After opening the front cover of Challenging the Verdict, one finds an advanced review of the book written by Lee Salisbury, a former evangelical church pastor; now writer and speaker for atheist groups. In his advanced review, Salisbury claims that Strobel and his “expert witnesses” in The Case for Christ sacrifice intellectual integrity, speak half-truths and misrepresentations in defense of Christian doctrine. On the other hand, Doherty is praised by Salisbury for his reasoned refutation and maintenance of intellectual integrity. If Salisbury’s review is accurate then Doherty will have proved with reasoned refutations, truthful representations, and intellectual integrity that the Gospels are not history and that Christianity is a myth. Challenging the Verdict will have, as is claimed on the back cover, demonstrated the deficiencies, the fallacies, and the selective and misleading use of the evidence inherent in The Case for Christ.
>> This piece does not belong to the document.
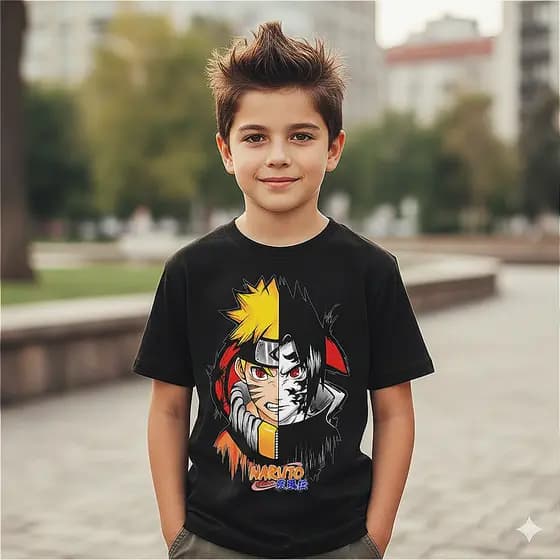 Camiseta Infantil Unisex Naruto Vs Sasuke Uzumaki Shipudden Camisa Anime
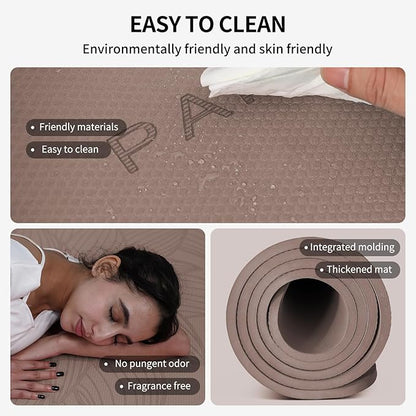 Large Yoga Mat-72’x36’x0.4’ Extra Width ＆ Thick,Comfortable,Non-Slip Exercise Mat-Works Great on All Floor for Stretching,Yoga Studio,Gym or Home Workouts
Enough of the “atta boy” awards until the claim of Doherty’s superior reasoning powers are validated. Doherty has claimed that he will “expose the fallacy, distortion of evidence and extensive misinterpretation of the record inherent in the ‘case’ for Christian orthodoxy . . .” (2). He has claimed that Strobel’s “overall case has been marked by shallow argument and deficient reasoning; special pleading (meaning a selective adoption and interpretation of evidence); and techniques that can be said to be fundamentally misleading, in that a particular conclusion has been established ahead of time, and evidence and argumentation is often selected and applied in light of this desired conclusion” (6). It is only fair that the reader hold Doherty to the same standards of logic, honesty, and integrity that he claims Strobel violates.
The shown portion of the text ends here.